Em 2020, o escritor João Paulo Cuenca foi alvo de mais de 150 processos, em razão de um tweet que fazia uma paródia de uma frase histórica. Da mesma maneira, foram orquestradas proposituras simultâneas, em diversas cidades do país, com narrativas e argumentos parecidos.
Tais Gasparian, que defendeu Elvira Lobato, busca desde então alternativas para diminuir o impacto de quem procura instrumentalizar o Poder Judiciário contra a liberdade de expressão. "Não há remédio jurídico para enfrentar o assédio judicial. É necessário que o STF se pronuncie sobre essa questão de modo a mitigar os danos dos que são atacados", disse a advogada. Gasparian ressalta ainda que a ADI apresentada pela Abraji não pretende restringir o direito de ação, um dos pilares do Estado Democrático e um direito humano.
A estrutura dos Juizados Especiais Cíveis foi desenhada para facilitar o acesso à justiça e equilibrar desigualdades jurídicas e processuais em causas menos complexas.
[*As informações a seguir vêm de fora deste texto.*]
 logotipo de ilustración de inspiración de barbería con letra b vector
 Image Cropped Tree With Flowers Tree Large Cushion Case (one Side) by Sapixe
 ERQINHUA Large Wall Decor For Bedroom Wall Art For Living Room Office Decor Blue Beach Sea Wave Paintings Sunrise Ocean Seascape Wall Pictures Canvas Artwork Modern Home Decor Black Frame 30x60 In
São muito utilizados para demandas de consumidores contra grandes empresas e corporações, o que justifica diversas facilidades aos autores, como a possibilidade de ingressar com os processos na cidade de sua residência, a não obrigatoriedade de advogado e a gratuidade.
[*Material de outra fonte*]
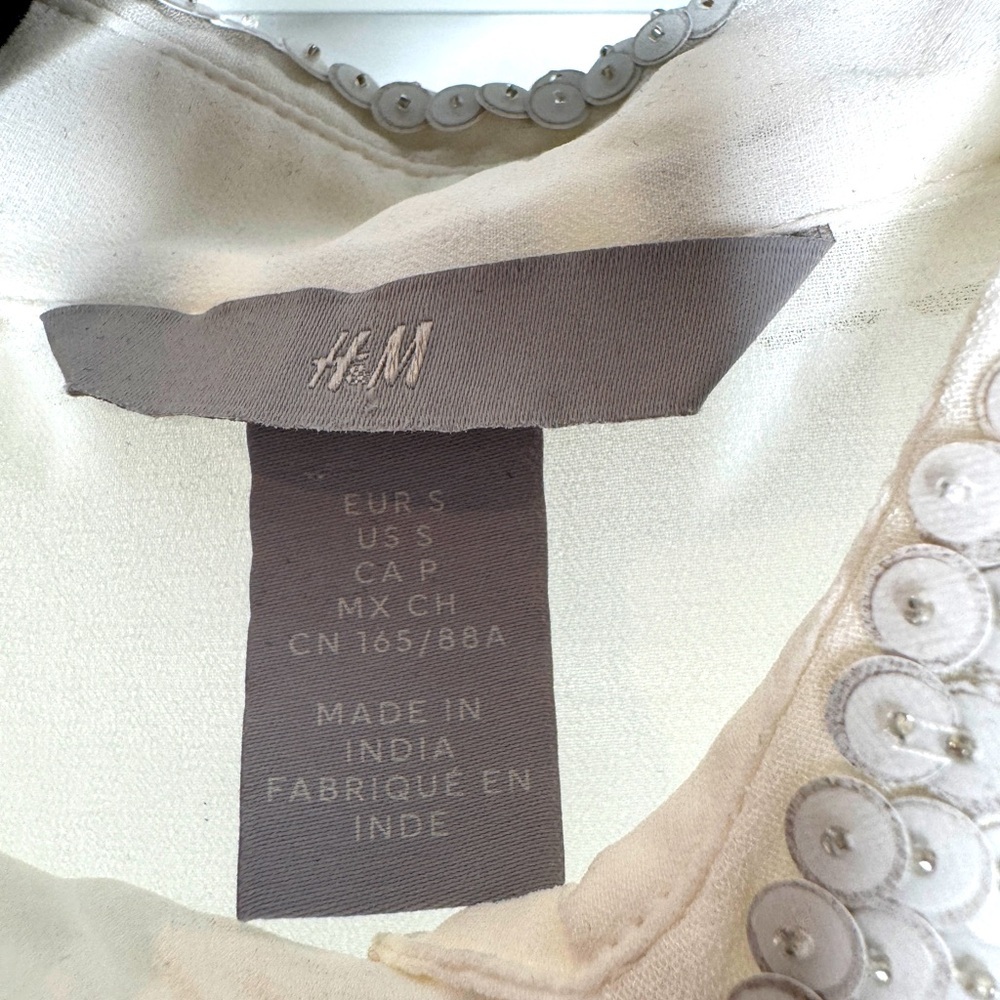H&M Sequin-Collared Sheer Button Down Blouse Shirt - image 3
O assédio judicial, ainda que se utilize desses instrumentos legítimos, “inverte de forma selvagem princípios éticos e jurídicos para deliberadamente sabotar a realização da Justiça e obstruir os ideais democráticos” , afirma Eugênio Bucci, jornalista e professor, em parecer anexado à ação movida pela Abraji. Bucci acrescenta que a finalidade dessas ações não é buscar a justiça, e sim “sequestrar as energias do sistema de Justiça para perseguir pessoas que se dedicam a apurar a verdade factual, tão indispensável à política civilizada”.
A ação também conta com um parecer do jurista Cássio Scarpinella Bueno, que afirma ser responsabilidade do STF garantir formas de gerenciar essas situações em que houver abuso no direito de acesso à justiça, e que violam não só a liberdade de expressão do réu, como o exercício da sua ampla defesa.
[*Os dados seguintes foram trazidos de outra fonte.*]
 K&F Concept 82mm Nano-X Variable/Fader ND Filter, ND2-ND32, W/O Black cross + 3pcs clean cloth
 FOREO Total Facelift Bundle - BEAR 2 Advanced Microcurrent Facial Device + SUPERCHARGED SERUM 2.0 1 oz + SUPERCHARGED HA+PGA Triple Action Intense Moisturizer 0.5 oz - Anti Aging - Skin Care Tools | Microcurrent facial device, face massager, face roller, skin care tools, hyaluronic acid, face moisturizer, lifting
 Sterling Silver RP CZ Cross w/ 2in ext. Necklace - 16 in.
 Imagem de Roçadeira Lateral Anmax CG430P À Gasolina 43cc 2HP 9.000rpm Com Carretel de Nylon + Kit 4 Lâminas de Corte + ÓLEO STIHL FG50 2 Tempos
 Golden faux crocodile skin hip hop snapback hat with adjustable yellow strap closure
Além do pedido final para que sejam interpretados os artigos pertinentes do Código de Processo Civil e da Lei dos Juizados Especiais, conforme os direitos constitucionais da liberdade de expressão e de ampla defesa, a Abraji também solicita na ação uma medida liminar cujo objetivo é fazer com que os processos sejam julgados de tal forma, ou ainda, subsidiariamente, que sejam suspensos até o julgamento final da ADI, para evitar qualquer prejuízo na proteção dos direitos e liberdades fundamentais.
Os processos movidos nos Juizados Especiais Cíveis também são mapeados pelo projeto Ctrl+X, que em sua nova fase passou a incluir novos filtros com as principais características de assédio judicial. Até o momento são 148 processos em tramitação nos JECs, do total de 5.526 processos cadastrados no banco de dados do projeto. A classificação como assédio judicial não é feita pelo Ctrl+X, mas pode ser aprofundada pelo estudo dos casos registrados.
Determinação do Supremo
No dia 14.jan.2022, a ministra do STF Rosa Weber determinou que a Câmara dos Deputados, o Senado Federal e a Presidência da República se manifestem sobre a ADI proposta pela Abraji no prazo de 10 dias. Além disso, Weber abriu vista para a Advocacia-Geral da União (AGU) e para a Procuradoria-Geral da República, que também deverão se manifestar sobre a ação.
No despacho, a ministra afirma reconhecer que o tema da ação possui “relevância e especial significado para a ordem social e a segurança jurídica”, e encaminha para as manifestações das autoridades mencionadas. Na sequência, a matéria será submetida ao Plenário do Supremo, e não há necessidade de analisar o pedido liminar.
Atualizado no dia 18.jan.2022 às 16h10.